A esto se suma otro factor: la transformación del vínculo entre las personas y el trabajo. Las nuevas generaciones no solo evalúan salario o beneficios, sino también calidad de vida, propósito y bienestar integral. En ese escenario, las empresas que no evolucionan quedan rápidamente desalineadas.
El riesgo no es solo interno. También impacta en la capacidad de atraer talento.
El rol del liderazgo: el factor invisible que define todo
Ninguna estrategia de bienestar funciona si no está acompañada por el comportamiento de los líderes. Son ellos quienes, en la práctica, habilitan o bloquean los hábitos saludables.
No alcanza con promover pausas si el líder responde mensajes a cualquier hora. No sirve hablar de equilibrio si se premia la hiperdisponibilidad. La coherencia, en este punto, es determinante.
Las organizaciones que avanzan en este camino entienden que el bienestar también se lidera. Capacitan a sus mandos medios, revisan dinámicas de trabajo y redefinen expectativas. El problema suele estar en la falta de iniciativas y en la cultura que las rodea.
No es solo reputación: es negocio
El wellbeing washing no solo daña la imagen de una empresa. También tiene consecuencias concretas: menor compromiso, más rotación, más ausentismo y equipos menos productivos. En un contexto donde el talento es cada vez más difícil de retener, esos costos se vuelven críticos.

Por el contrario, las compañías que logran integrar el bienestar de manera genuina —alineando cultura, prácticas y liderazgo— empiezan a ver resultados tangibles. Mejora el clima laboral, crece el engagement y se fortalece la propuesta de valor como empleador.
Incluso hay un impacto menos visible, pero igual de relevante: la capacidad de innovar. Equipos menos agotados y más enfocados tienden a ser más creativos, más colaborativos y resilientes frente al cambio.
El desafío que viene
El bienestar corporativo está entrando en una nueva etapa. Una en la que ya no alcanza con “hacer algo”, sino que es necesario hacerlo bien. Con estrategia, con consistencia y con una mirada de largo plazo.
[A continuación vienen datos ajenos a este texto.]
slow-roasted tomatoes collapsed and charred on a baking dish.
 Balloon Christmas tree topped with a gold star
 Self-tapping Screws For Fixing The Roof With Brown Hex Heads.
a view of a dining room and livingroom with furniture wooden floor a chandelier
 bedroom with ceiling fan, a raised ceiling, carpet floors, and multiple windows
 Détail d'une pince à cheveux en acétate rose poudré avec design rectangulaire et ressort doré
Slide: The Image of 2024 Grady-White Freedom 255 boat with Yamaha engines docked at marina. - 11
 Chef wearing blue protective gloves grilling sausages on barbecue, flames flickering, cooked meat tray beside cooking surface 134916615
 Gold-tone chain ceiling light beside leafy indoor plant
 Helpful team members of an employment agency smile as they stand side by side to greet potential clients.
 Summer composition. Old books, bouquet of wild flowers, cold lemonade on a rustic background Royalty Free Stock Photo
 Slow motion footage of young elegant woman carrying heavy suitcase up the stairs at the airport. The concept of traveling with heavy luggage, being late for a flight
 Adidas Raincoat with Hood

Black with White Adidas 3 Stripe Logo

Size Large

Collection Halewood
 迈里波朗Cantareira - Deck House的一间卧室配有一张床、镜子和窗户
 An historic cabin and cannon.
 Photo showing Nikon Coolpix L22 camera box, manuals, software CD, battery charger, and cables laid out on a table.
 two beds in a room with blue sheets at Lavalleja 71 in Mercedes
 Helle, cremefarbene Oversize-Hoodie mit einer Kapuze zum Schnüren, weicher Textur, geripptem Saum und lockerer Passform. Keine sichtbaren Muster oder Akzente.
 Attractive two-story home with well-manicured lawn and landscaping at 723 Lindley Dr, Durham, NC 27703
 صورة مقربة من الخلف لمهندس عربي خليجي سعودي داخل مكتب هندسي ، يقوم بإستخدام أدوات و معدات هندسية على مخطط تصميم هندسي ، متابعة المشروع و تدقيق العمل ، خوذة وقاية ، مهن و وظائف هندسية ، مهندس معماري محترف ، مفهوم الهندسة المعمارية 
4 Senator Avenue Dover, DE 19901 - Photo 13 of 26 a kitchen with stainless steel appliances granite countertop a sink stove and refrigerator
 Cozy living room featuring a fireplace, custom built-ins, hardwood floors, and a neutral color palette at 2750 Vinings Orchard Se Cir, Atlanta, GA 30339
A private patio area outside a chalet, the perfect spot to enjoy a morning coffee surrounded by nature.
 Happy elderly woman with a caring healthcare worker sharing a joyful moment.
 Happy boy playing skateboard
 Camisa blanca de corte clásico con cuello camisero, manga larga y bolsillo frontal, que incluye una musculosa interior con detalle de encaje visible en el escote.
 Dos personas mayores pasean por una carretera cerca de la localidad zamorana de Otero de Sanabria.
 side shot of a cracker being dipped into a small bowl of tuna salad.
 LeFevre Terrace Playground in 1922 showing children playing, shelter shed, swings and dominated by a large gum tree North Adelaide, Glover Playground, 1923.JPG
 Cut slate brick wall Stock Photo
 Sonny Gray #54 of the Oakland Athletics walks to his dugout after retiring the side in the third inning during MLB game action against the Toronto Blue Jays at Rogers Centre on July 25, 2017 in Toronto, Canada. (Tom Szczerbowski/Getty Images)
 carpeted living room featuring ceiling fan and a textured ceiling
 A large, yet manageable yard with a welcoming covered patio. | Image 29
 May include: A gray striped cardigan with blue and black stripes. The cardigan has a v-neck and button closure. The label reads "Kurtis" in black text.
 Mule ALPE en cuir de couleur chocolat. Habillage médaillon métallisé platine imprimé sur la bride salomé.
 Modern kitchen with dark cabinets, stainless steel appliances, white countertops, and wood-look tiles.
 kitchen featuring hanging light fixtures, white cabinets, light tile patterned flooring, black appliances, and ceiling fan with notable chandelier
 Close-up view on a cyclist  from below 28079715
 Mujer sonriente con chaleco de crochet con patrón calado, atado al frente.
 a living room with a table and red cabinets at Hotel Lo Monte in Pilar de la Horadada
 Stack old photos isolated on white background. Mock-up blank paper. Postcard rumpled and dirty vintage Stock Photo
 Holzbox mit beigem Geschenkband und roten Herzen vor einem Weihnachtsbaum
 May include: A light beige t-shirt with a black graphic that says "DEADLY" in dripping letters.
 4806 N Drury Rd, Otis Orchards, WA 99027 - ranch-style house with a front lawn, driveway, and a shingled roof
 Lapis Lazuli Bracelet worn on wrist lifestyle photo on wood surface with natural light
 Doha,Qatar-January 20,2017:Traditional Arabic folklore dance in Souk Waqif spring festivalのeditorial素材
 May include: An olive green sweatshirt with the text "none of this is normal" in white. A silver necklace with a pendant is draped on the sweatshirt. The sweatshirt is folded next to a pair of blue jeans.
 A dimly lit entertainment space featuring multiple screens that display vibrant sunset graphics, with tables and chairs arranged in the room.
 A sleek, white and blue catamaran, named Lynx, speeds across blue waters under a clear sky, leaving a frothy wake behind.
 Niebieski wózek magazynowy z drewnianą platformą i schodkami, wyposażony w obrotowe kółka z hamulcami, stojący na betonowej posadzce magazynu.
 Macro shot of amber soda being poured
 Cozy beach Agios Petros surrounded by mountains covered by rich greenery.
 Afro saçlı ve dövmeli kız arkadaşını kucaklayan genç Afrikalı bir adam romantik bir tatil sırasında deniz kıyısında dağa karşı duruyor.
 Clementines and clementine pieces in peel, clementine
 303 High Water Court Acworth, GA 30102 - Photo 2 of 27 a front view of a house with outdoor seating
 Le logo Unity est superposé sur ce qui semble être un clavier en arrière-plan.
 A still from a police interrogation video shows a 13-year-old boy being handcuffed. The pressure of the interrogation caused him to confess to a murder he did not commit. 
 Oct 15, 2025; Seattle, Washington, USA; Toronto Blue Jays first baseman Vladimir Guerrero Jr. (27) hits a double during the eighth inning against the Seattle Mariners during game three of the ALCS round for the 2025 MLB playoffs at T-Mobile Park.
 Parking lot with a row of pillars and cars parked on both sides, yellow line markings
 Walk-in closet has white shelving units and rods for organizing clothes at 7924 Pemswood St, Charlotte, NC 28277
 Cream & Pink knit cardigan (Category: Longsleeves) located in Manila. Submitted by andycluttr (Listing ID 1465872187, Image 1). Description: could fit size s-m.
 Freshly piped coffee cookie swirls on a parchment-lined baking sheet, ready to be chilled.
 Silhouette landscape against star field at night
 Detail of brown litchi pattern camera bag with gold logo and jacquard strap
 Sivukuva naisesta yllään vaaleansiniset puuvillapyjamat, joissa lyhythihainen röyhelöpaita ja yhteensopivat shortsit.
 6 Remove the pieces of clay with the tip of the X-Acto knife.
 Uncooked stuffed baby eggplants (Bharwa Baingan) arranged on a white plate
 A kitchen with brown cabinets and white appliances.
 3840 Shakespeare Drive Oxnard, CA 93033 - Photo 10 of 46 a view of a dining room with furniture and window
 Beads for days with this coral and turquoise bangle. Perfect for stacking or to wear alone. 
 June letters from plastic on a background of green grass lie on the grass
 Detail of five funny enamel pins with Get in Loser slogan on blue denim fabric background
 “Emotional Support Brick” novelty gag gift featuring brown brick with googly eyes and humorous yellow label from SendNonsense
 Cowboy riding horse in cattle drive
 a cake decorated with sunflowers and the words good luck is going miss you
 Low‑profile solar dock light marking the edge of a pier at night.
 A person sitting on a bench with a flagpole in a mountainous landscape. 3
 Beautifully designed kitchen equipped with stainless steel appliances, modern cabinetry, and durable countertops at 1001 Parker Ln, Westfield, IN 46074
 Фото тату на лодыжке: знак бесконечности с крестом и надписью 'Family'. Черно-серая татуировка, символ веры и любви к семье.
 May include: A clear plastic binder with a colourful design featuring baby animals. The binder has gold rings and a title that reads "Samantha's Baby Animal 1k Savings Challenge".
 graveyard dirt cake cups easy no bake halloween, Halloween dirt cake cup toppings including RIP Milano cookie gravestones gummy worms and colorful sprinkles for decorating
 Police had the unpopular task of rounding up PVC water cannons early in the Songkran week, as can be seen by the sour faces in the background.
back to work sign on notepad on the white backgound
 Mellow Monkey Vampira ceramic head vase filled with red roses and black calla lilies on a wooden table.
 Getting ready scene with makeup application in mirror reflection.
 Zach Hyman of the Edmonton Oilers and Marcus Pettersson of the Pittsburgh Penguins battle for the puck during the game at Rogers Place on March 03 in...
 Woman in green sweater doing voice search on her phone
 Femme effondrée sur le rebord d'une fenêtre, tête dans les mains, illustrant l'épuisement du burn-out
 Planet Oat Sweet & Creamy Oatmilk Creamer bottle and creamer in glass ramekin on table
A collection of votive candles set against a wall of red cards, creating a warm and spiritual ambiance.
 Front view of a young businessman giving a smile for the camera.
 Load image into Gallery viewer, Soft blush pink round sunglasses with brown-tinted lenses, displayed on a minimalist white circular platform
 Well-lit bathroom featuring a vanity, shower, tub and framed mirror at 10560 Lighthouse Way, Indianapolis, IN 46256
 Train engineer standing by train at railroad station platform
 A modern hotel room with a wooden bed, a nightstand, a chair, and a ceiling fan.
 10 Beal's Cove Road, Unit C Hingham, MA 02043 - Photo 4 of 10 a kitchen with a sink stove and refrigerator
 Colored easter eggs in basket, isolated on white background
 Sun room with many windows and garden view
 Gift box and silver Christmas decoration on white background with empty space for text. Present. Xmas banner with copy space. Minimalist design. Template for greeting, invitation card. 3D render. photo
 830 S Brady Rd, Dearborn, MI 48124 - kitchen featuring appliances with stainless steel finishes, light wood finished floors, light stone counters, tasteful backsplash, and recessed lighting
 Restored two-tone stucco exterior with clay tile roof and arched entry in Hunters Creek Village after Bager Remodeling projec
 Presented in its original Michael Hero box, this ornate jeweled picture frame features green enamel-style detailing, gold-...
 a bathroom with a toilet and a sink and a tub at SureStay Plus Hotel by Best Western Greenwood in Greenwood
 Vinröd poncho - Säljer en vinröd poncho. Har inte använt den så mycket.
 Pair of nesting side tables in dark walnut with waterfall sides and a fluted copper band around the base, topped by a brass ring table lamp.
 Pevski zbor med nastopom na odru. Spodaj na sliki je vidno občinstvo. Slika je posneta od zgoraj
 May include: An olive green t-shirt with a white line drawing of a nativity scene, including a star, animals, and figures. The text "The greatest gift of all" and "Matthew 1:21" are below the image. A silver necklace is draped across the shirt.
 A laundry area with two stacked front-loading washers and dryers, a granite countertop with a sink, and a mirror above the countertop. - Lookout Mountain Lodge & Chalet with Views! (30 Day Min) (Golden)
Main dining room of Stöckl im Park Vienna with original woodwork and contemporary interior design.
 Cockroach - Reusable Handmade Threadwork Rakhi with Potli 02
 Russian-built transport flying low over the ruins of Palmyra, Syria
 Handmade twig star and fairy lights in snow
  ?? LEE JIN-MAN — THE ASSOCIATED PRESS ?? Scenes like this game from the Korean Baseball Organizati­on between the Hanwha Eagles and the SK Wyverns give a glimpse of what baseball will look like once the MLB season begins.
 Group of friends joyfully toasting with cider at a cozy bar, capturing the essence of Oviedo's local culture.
El desafío no pasa por sumar más iniciativas. Pasa por diseñarlas mejor, integrarlas y sostenerlas en el tiempo. El bienestar real no se comunica en una campaña ni se resuelve en una acción aislada, se construye en el día a día. En cada decisión. En cada hábito.
Y, sobre todo, en cada organización que entiende que cuidar a su gente no es un costo. Es una inversión.